Nansi: And I think, again, it’s sort of hard to describe when I feel that the composition thing is right. I have a definite feeling of when it isn’t. I was talking to a friend of mine about that. I said, “I’ll get sort of squirmy.” And I’ll play it over and over again and isn’t not. Maybe it’s there, but it isn’t, really. And it’s when I kind of stop squirming. That’s it. Sometimes it can be just a tiny little thing that drives you crazy until you get it right. I do feel that sense of the process of people actually listening to the piece, and I experience that so much in listening to pieces of music. I was listening to a performance some years ago I heard of the Schumann piano quintet, and they were in the slow movement and I was listening, and everything about that performance was so exquisite that I felt lifted in a whole different plane. Sometimes I might be able to listen to the same piece of music and something else catches me. That’s the hope I have, actually, that a person listening to my music can make it their own, in a way, as to how they experience it.

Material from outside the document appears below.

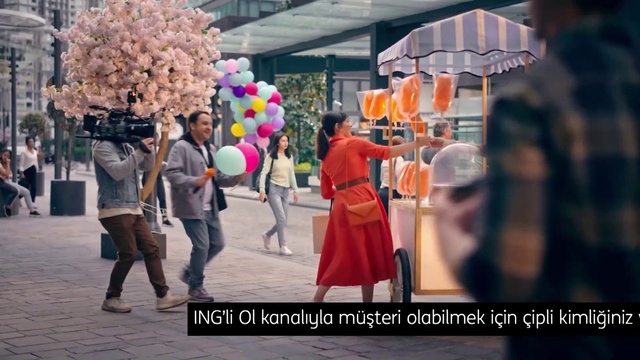 Video Reference: Balloon, Happy, Pink, Leisure, Street fashion, Social group, Public space, Fun, Recreation, City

Amanda: Obviously, I understand the squirmy parts. Anyone who’s ever tried to create understands: “That’s not what I want it to be.”

Nansi: Yep.

Amanda: But those transcendent, lifted moments, do you have those moments with your own pieces where you’re almost like, “Did I write that? Did that come out of me?”

Nansi: Sometimes. Rarely. (laughs) It always feels like a gift, though. In fact, it’s funny, I was really stuck with a piece that I’m working on now and I woke up thinking about it and things began to fit in place and I started to write them down. But then, of course, I might come to it later and think, “No, I don’t think so.” But I consider it definitely like a gift. When I get something that I think is right, I can feel a smile. “Hmm. That feels right.” (laughs) Not exactly the transcendent thing, but I go, “Hmm.”

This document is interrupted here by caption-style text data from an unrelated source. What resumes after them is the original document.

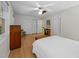 Sunlit bedroom featuring wood floors, triple closet doors, and classic vintage decor at 6021 Dixon Dr, Raleigh, NC 27609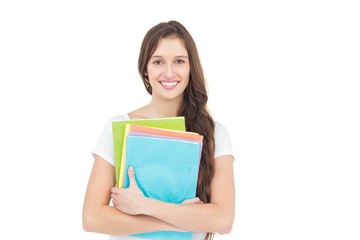 Portrait of smiling female college student holding books 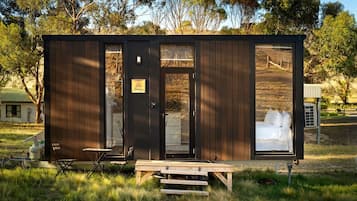 Una cabaña pequeña de una sola habitación, con una puerta, una ventana y una banca afuera.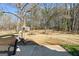 A spacious backyard features mature trees, offering a serene outdoor living space and natural beauty at 55 Helen Ln, Stockbridge, GA 30281
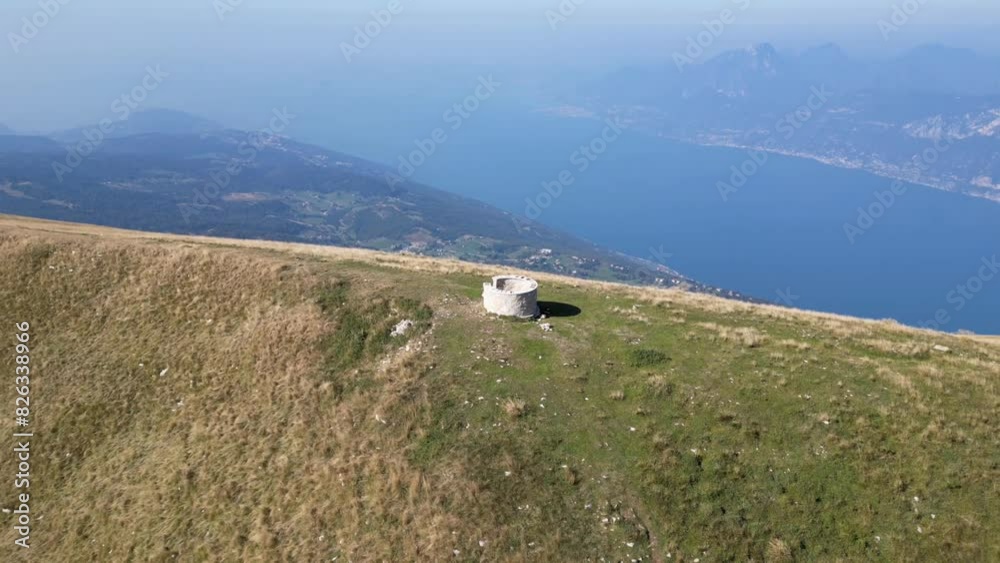 Drone zoom-out shot of Monte Baldo with a lake in the background.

Amanda: (laughs) Aha. No longer squirmy.

Nansi: Yeah, worked that one out. Yeah, exactly.

Amanda: Can you talk about your new piece that you brought to SPU to have the students work on?

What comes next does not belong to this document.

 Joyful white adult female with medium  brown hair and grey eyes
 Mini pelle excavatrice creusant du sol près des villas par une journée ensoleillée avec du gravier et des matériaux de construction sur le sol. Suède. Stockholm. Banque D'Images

Nansi: It’s a setting of a poem by Denise Levertov entitled “A Tree Telling of Orpheus,” and it’s kind of wonderful. Of course, we all know the mythological Orpheus whose music was so exquisite that it could influence the forces of nature. It’s this tree experiencing Orpheus’ first being aware of a presence but not quite knowing what it is, but beginning to experience something different. It goes through all kinds of stages until, through the transforming power of Orpheus’ music, all the trees of the forest become sentient and they understand language, and further, they uproot themselves and learn to dance. I think it’s a really wonderful description of the spiritual journey, actually, and particularly that bit of having to uproot oneself in order to preserve and continue into that new realm of understanding. It was actually Brian Chin’s idea that maybe it would be a piece for the choir and Torch. So I said, “Okay.” I started working with that, basically. What we’re going to hear is pretty much half of it. The choir’s been working very, very hard on it and very, very well. It’s in six movements, which is kind of like a … That’s a lot. They will do three of them. That’s what it is. (laughs)

Amanda: If each student walked away with one takeaway from this experience of interacting with your piece, what would you hope they would say?

Nansi: I would hope that they would finish it with an enhanced experience of the text. I would hope that the text would really become, in a way, increasingly meaningful to them, and also that they understand how well they’ve developed their skills in order to be able to do this, because this style turned out to be something of a stretch. I would hope that they would come out of that realizing how much their own skills have increased by doing this. The students here are just amazing, actually. They’re just really wonderful and have done me the enormous honor of working on my music with such very, very, very great commitment. It’s very humbling.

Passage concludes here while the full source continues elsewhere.